Most people are just fine picturing a slice of an orange, or an orange cut in half – but that would once again reduce it to surfaces. Imagining an orange in true 3D is difficult, no less because we simply have never actually seen one (and wouldn’t really be able to, because, once again, we can’t truly see in 3D, but only 2D projections with depth perception).
Volume
For most people it’s rather unintuitive how similar in size a sphere of double the volume of another sphere looks. Maybe you know on System 2 level that the third root of 2 is about 1.26, and hence a ball of radius 1.26 would have double the volume of a ball of radius 1. Still, if you put these two balls in front of random people and let them estimate the ratio of the volumes, the average answer you’ll get will very likely be much smaller than 2.
Habitat
Lastly, an evolutionary reason for why it makes sense that our brains don’t truly grasp three dimensions: for most of history, humans cared most about surfaces and very little about volumes. We live on the ground. Most of the things we meaningfully interact with are solid, and hence the shared interface is their and our surface.

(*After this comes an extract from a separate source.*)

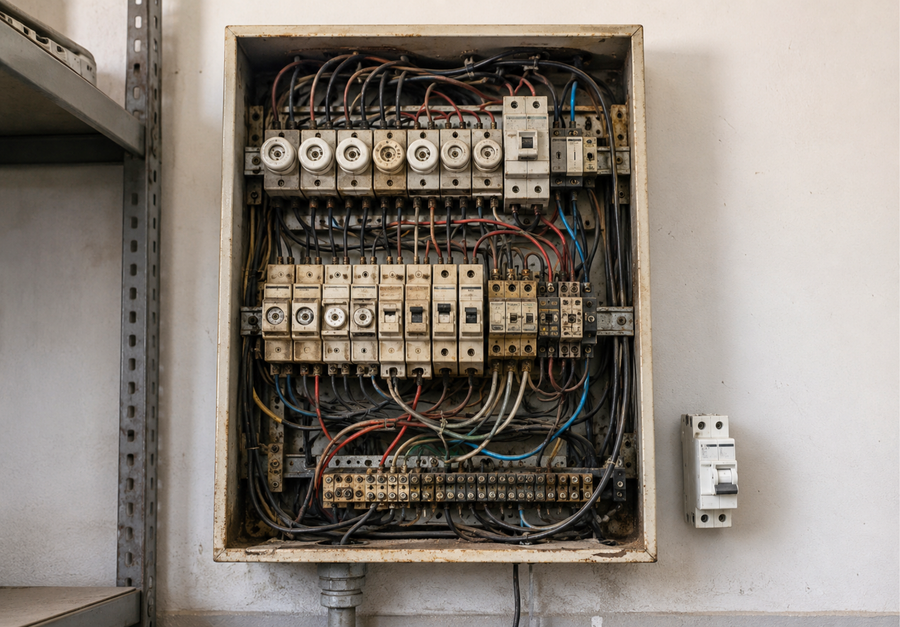 Verouderde elektrische installatie in een bedrijfspand die moet worden vernieuwd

There are some animals that live in true 3D. Most notably fish. Birds? Probably much more than us, but birds are already pretty surface-bound for much of their lives. Theoretically animals that dig tunnels might also benefit from proper 3D processing capabilities, but most of them are small and probably don’t have the mental complexity required to really grasp three dimensions. What about apes? Well, anything that’s climbing a lot certainly has more need for verticality than us, but still, I’d argue it’s very similar in nature to what humans are up to, when it comes to spatial perception. It’s all about surfaces, and very often even about 1-dimensional properties such as the distance between some prey or predator and yourself. Your brain is trained to care about distances. It’s less well equipped to think about areas. Even less to think about complex volumes.
Conclusion
We tend to think of ourselves as “3D natives”, but it turns out that 3D can go quite far beyond what our brains are good at processing. “True” 3D geometry can quickly overwhelm us, and it’s easy to underestimate what it actually entails. Whether this realization is useful or not, I certainly find it interesting to think about. And if you have indeed read this whole post up to this point, then I hope you do too[2].
- ^
Depth of course is not what we get directly, but the interpretation our brain ends up with based on the two input channels that are our two eyes; but what ends up in our awareness then is not two separate images from the eyes, but instead this mix of brightness (or color) and depth.
- ^
I suspect some readers will rather disagree with the post and (probably rightly) insist that they are indeed able to intuitively think about complex 3D structures without major issues. I certainly don’t think it’s impossible to do so. But I still think that there’s quite a gap between “the kind of 3D we need to deal with to get through life”, and “the full extent of what 3D actually means”, and that it’s easy to overlook that difference.
- ^
The larger sphere has roughly 2.3x the volume of the smaller sphere (hard to say exactly, as the spheres are in fact not perfectly spherical)
I think there’s a lot of research that shows we’re fairly bad at predicting how other people see the world, and how much detail there is in their heads. I’ve read quite a few books that talk about how some people presume that other people are speaking metaphorically when they talk about imagining scenes in color or in 3-d, or how they can “hear” a musical piece in their mind. Those who can assume that others just aren’t trying. Face-blindness wasn’t recognized for quite a while.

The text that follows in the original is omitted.